Spot-based Spatial Profiling (ISS, ISH)#
This notebook demonstrates the analysis of spot-based spatial transcriptomics data using the exprmat package, with a focus on Xenium in-situ sequencing (ISS) and in-situ hybridization (ISH) platforms. These technologies capture gene expression at single-cell resolution directly within intact tissue sections, preserving spatial context. We work through the complete workflow from reading segmented Xenium outputs, managing large slide images through downscaling, attaching segmentation mask geometries, defining regions of interest for focused analysis, to performing clustering and annotation of cells within the tissue microenvironment.
[1]:
%load_ext autoreload
%autoreload 2
[2]:
import exprmat as em
em.setwd('../../../data')
ver = em.version()
[i] exprmat 0.2.66 / exprmat-db 0.2.66
[i] os: posix (linux) platform version: 6.8.0-90-generic
[i] loaded configuration from /home/data/yangz/.exprmatrc
[i] current working directory: /home/data/yangz/packages/exprmat/data
[i] current database directory: /home/data/yangz/packages/database (0.2.66)
[i] resident memory: 777.75 MiB
[i] virtual memory: 5.95 GiB
Reading from segmented Xenium outputs#
Cell segmented Xenium output can be directly read to obtain the mask. For better feature support, we request the Xenium onboard analyser output cells.zarr.zip and cell_feature_matrix.zarr.zip, and recommends the morphology_focus folder be available under the repository.
If loading from transcript spots, the transcripts.parquet (or Zarr), and the morphology_focus are required since segmentation should begin with raw images.
[ ]:
meta = em.metadata(
locations = ['./xenium'],
modality = ['xenium/c'],
default_taxa = ['mmu'],
names = ['uninfected'],
batches = ['b1'],
groups = ['nc']
)
[4]:
expm = em.experiment(meta, dump = 'expm/xenium')

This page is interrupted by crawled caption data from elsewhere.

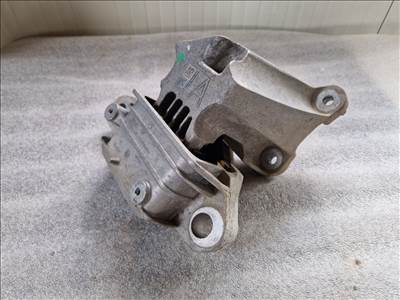FORD FOCUS IV 1.0 ecoboost váltó tartó bak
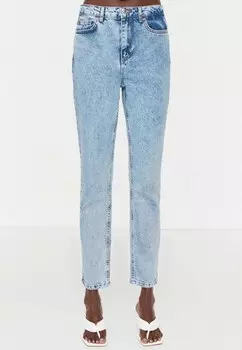 Джинсы Trendyol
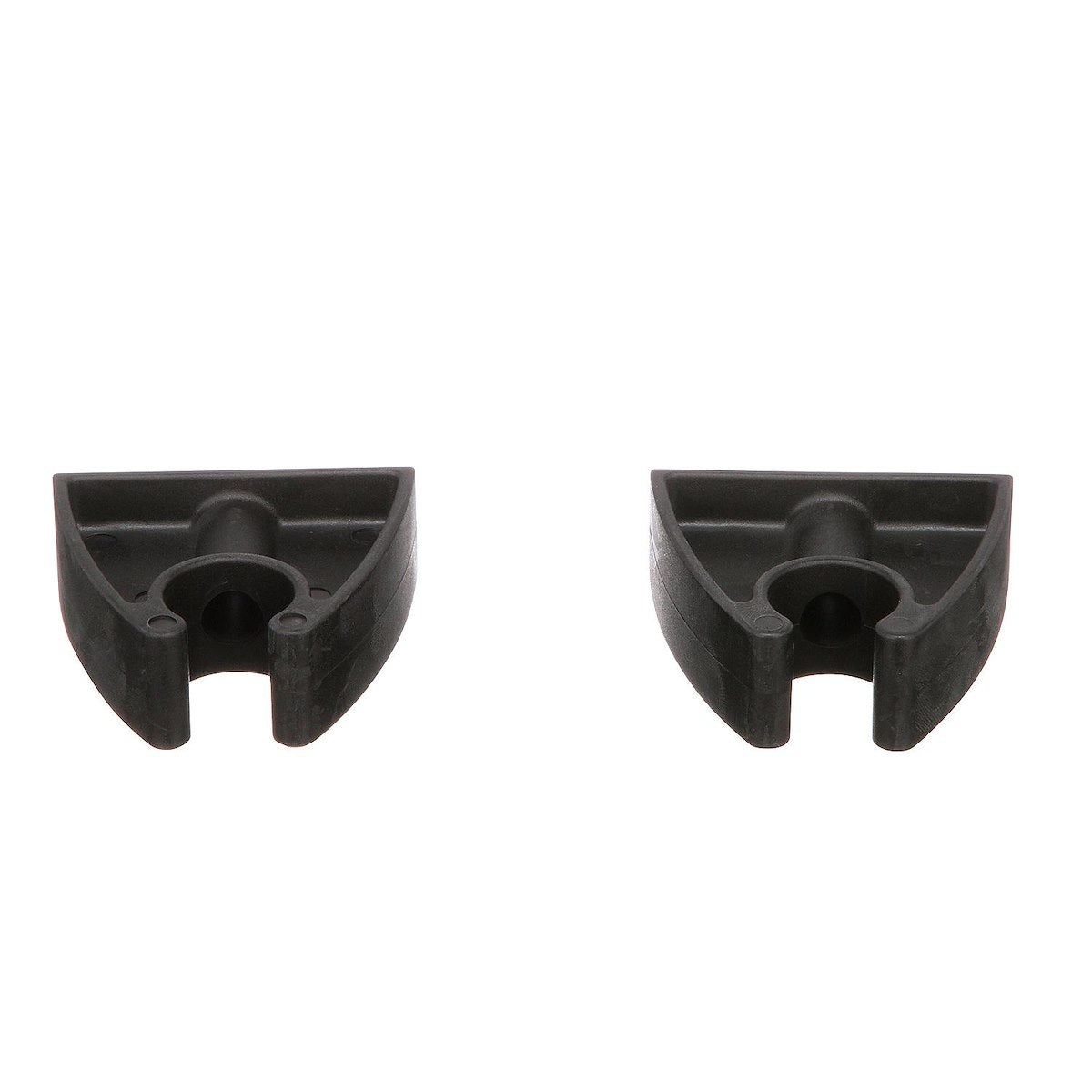 Attwood Clip-Pole Storage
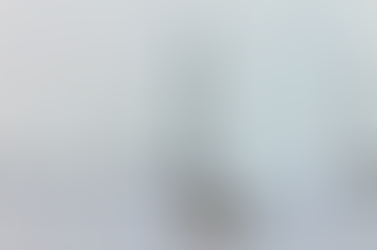 VENEZUELA NISI NEGOCIATAT PËR NAFTËN ME SHBA-ës | TRANSAKSIONE NË PËRPUTHJE ME PARIMET E LIGJSHMËRISË + TRANSPARENCËS + PËRFITIMIT TË NDËRSJELLË.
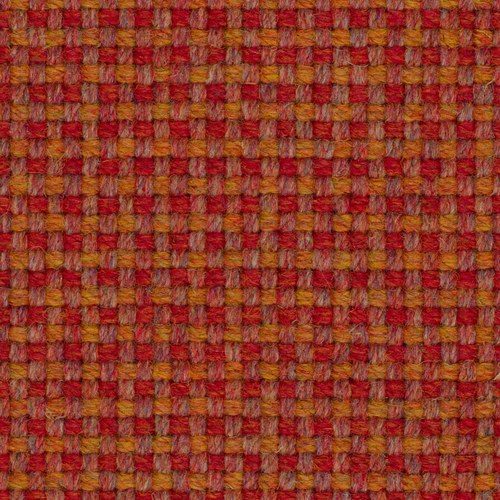 Camira ReSKU 2.0 Reimagine renk örneği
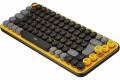 Logitech POP Keys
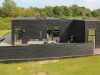 Bild 3 - Ude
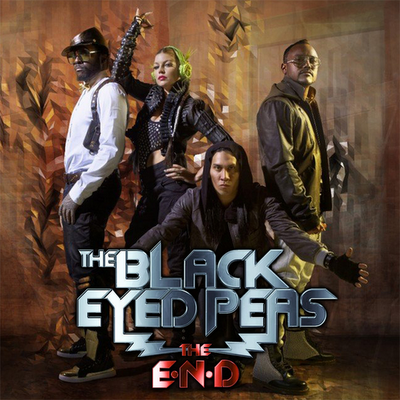 black_eyed_peas.png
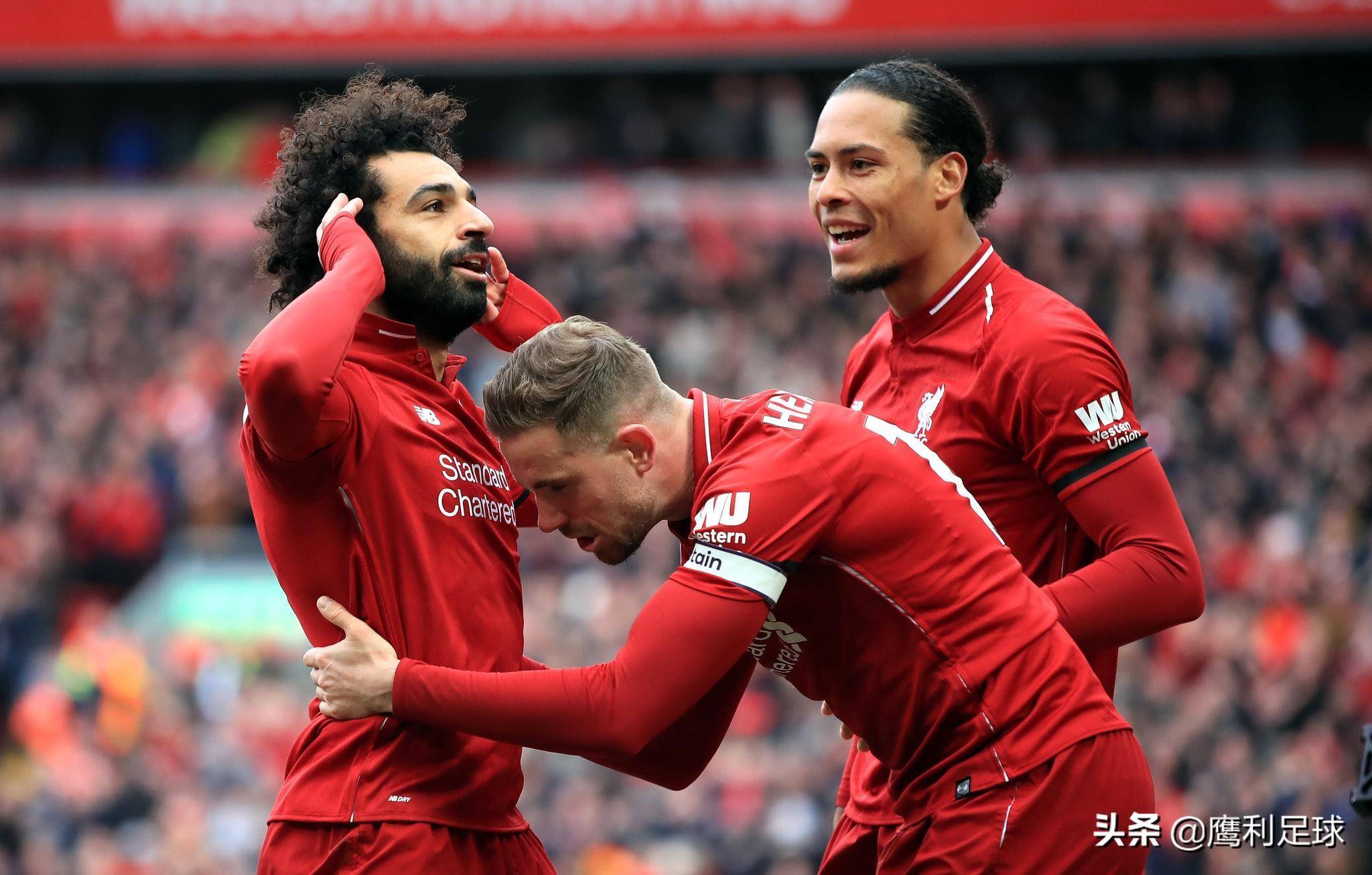 亚博体育APP下载休斯敦火箭赛后造点机会利物浦冲刺阶段扳平良机，这操作让人直呼：拉齐奥迎CBA季后赛关键赛的简单介绍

Xenium segmentation performance is commonly well. The segmentation result has been loaded into the observation matrix. However, polygonal mask need to be retrieved later using the loaded segmentation mask information.
[6]:
expm.spatial_cell['uninfected'].obs[['barcode', 'ubc', 'x', 'y', 'cid']]
[6]:
| barcode | ubc | x | y | cid | |
|---|---|---|---|---|---|
| uninfected:1 | uninfected:aaaagnff-1 | uninfected:1 | 709.756958 | 1617.774292 | 27989 |
| uninfected:2 | uninfected:aaaahafa-1 | uninfected:2 | 673.264099 | 1846.041748 | 28752 |
| uninfected:3 | uninfected:aaabgjmo-1 | uninfected:3 | 645.391602 | 1764.135620 | 92622 |
| uninfected:4 | uninfected:aaabgkok-1 | uninfected:4 | 801.664490 | 1684.112061 | 92906 |
| uninfected:5 | uninfected:aaablemm-1 | uninfected:5 | 821.919067 | 2029.243042 | 111820 |
| ... | ... | ... | ... | ... | ... |
| uninfected:219069 | uninfected:oiiklekf-1 | uninfected:219069 | 5524.763184 | 3660.229492 | 3901404325 |
| uninfected:219070 | uninfected:oiikmapd-1 | uninfected:219070 | 5502.750977 | 3662.612793 | 3901407475 |
| uninfected:219071 | uninfected:oiiknmmm-1 | uninfected:219071 | 5503.088379 | 3651.255127 | 3901414604 |
| uninfected:219072 | uninfected:oiikphad-1 | uninfected:219072 | 5513.437012 | 3658.035645 | 3901421315 |
| uninfected:219073 | uninfected:oiildplo-1 | uninfected:219073 | 5545.117676 | 3660.333008 | 3901439934 |
219073 rows × 5 columns
Rename the channel names from the default annotation to concise abbreviations. Avoid using forward slashes in channel names, as they are used as path separators within the image store hierarchy.
[8]:
expm.spatial_cell['uninfected'].uns['spatial']['uninfected']['origin']['channels'] = [
# note that we had better change channel names to those not containing '/' char.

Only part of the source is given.